Alaskalaska
Dots
- Marathon Artists
- 2019
- 46 minutes
On le sait tous, un premier album, ça passe ou ça casse. Dans le cas d’ALASKALASKA et de Dots, c’est une unanime et percutante entrée en matière. Faisant suite à un EP homonyme prometteur, le groupe débarque en force avec un album qui donne l’impression d’en écouter douze. Et pourtant, tout s’imbrique soigneusement.
Bien plus qu’un simple spicilège, le panache que porte avec assurance Dots allie un impressionnant mélange de style. Passant par un jazz fusion comparable à l’album Hot Rats de Frank Zappa, par de la pop inspirée des Talking Heads, ainsi que d’un afrofunk assumé à la Cymande, il donne envie de se dégourdir les jambes comme le bon vieux Elvis.
On constate également l’influence de la scène londonienne, là où le groupe a créé l’opus, en y dénotant à certains moments une sonorité jazzy digne de KOKOROKO et d’Alfa Mist. On note aussi des influences de Mount Kimbie au niveau de la construction et des crescendos de leurs chansons.
Malgré cette myriade d’influences, le sextuor parvient à se définir à travers cette combinaison éclatée en forgeant son propre moule. Cette appropriation stylistique permet ainsi de combler les envies et les intérêts d’un public hétérogène.
Dès le départ avec la chanson Dots, l’auditeur est submergé dans une atmosphère sinueuse digne de la série Stranger Things, comme pour annoncer un sentiment d’inconfort.
Dots est un album intellectuel, émotionnel et revendicateur, s’écoutant comme s’il était la résultante des changements que subissent le corps et l’esprit. Il évolue à travers diverses phases de vie tantôt euphoriques, tantôt plus calmes dans une randonnée qui présente à certains moments des pentes plus abruptes que d’autres. C’est un vaisseau spatial qui aborde des questionnements actuels sur l’évolution d’une société dans ses bons comme dans ses moins bons côtés.

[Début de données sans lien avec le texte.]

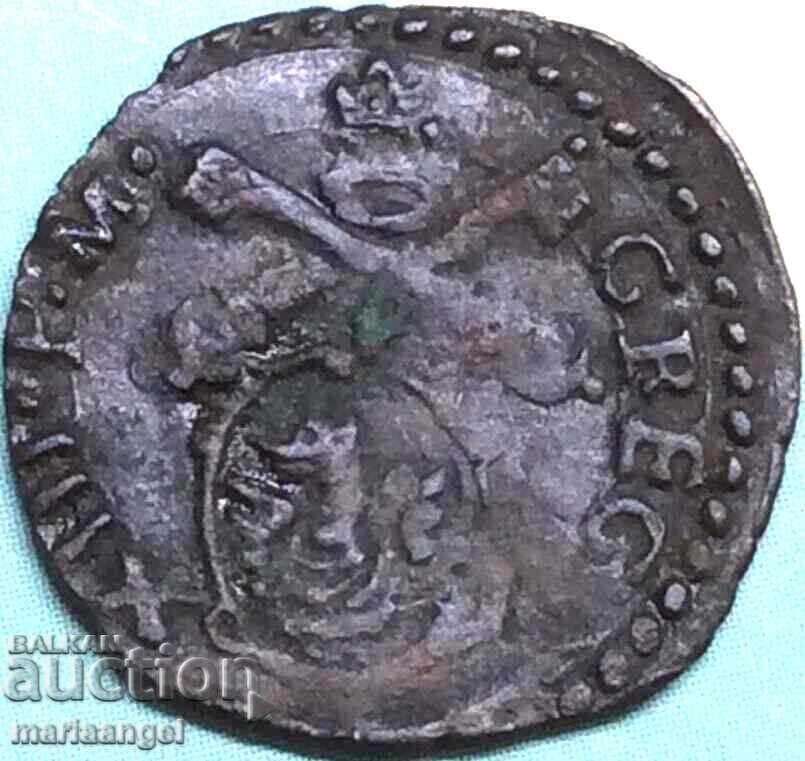 Quatrino Vatican 1572-85 Grigore XIII Sf. Petru/Dragon Fano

Ce fait d’armes s’observe non seulement au niveau de la musicalité, mais également au niveau des paroles. Fait intéressant, on sent que le groupe s’éloigne de plusieurs artistes qui, de façon récurrente, se nourrissent de tristesse et de peines d’amour. On sent qu’ALASKALASKA tend plutôt à parler de l’amour vrai et cru à travers Tough Love et Monster. De plus, certaines chansons comme Bees et Meateater dénoncent une société robotique vivant sur une idéologie et un mode de vie déjà tracé.
Présentant des éléments qui persistes à travers chacune des chansons tout en laissant certaines choses disparaître puis réapparaître, comme le saxophone sensuel dans Bees et dans Moon, le groupe tend à imager des choses qui forgent l’être autant à titre éphémère que tout au long de sa vie. Quant à Sweat, elle permet de se rendre compte de la possibilité de reprendre son souffle suite à d’interminables moments de réflexion.
En employant un ton qui questionne autant qu’il affirme, la voix de Lucinda Duarte-Holman appuie bien les paroles. Intime, sensuelle, revendicatrice, elle présente des textures qui tendent à hypnotiser l’auditeur.
On sent chez elle une volonté d’inclure l’auditeur, alors que les sujets soulevés peuvent être vécus par tout un chacun. C’est pourquoi Lucinda pose des questions du genre « Are you breakin’, breakin’ all the rules again? » et, « Who’s in charge here? » dans Bees ou encore « Who gives a shit about anything lately? » dans Tough Love.
L’album se conclut par la chanson Skin qui, pour rappeler l’ambiance lourde en émotions et en questionnements de Dots, emploie l’autotune, comme pour rappeler que la plupart des êtres humains sont programmés au lieu de suivre ce qui les passionne réellement.
Certes, comme dans toutes choses il y place à un raffinement, mais ALASKALASKA aura fort à faire pour porter leur second album à un niveau aussi haut que celui de Dots.